Tanggung Jawab di Balik Lensa

Ya. Ini aku, Fey. Lagi. Kembali dengan satu lagi cerita unik. Tapi aku tidak akan membuang waktumu lagi, jadi ayo langsung saja kita mulai.

 Aku adalah seorang anggota dari tim dokumentasi OSIS Ardevia SMP Tarakanita Gading Serpong. Jadi, ketika MPLS 2024/2025 berlangsung, tentu saja aku bertugas. Aku di sana bersama dua orang anggota lain dari tim dokumentasi; Lilo dan Tesia. Harusnya tiga orang, namun Guido sedang berada di suatu tempat di Australia saat itu. Aku benar-benar senang, karena itu adalah pertama kalinya aku dokumentasi di semester ini.

 Aku tidak memiliki kamera sendiri, jadi aku memutuskan untuk meminjam ponsel Cia. Memang selalu begitu, karena seperti apa yang kita ketahui, ponsel dengan gambar apel tergigit di bagian belakangnya dianggap memiliki fitur kamera yang terbaik. Aku benar-benar berterimakasih karena Cia mau berbaik hati meminjamkannya. Aku hanya membawa sebuah tripod dan powerbank mini dari rumah untuk ponsel Cia. Lalu, setelah foto dan videonya diambil, mereka akan dikirim ke ponselku melalui Telegram.

 Selama MPLS berlangsung, semuanya berjalan lancar. Aku berhasil mendokumentasikan kegiatan-kegiatan selama 3 hari MPLS dengan baik. Banyak hal-hal unik dari para siswa kelas 7 yang tertangkap jelas di kamera. Saat itu, aku berniat untuk mengirimkan file foto dan video melalui telegram sepulang sekolah di hari ketiga MPLS. Padahal sebenarnya aku bisa langsung mengirim file foto dan video setiap harinya setelah kegiatan MPLS selesai.   Alhasil, karena pada hari ketiga aku terlalu sibuk melakukan hal lain dan dijemput lebih cepat, aku tidak jadi mengirim filenya dari ponsel Cia.

 “Ah, besok kan hari Jumat. Mungkin bisa kulakukan besok setelah Misa” pikirku di rumah saat itu. Namun ternyata tidak sempat juga.

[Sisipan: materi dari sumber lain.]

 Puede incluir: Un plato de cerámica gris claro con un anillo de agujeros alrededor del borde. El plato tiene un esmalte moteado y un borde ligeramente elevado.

 Jumat sepulang sekolah, aku terus memikirkan tentang nasib foto-foto tersebut. Aku pun meminta tolong Cia untuk mengirimkannya padaku melalui Telegram. Tentu saja dia mau, namun aku merasa tidak enak merepotkannya. Dari hari Jumat hingga Minggu, Cia terus berusaha mengirimkannya lewat Telegram. Aplikasi Telegram yang sedang down memperparah keadaan. Dia sedang berlibur di akhir pekan itu, jadi jaringan internetnya tidak terlalu bagus. Karena itu juga, Cia pun tidak selalu aktif di Whatsapp ketika aku mencoba menghubunginya. Itu sebenarnya wajar saja, aku telah mengganggu waktunya.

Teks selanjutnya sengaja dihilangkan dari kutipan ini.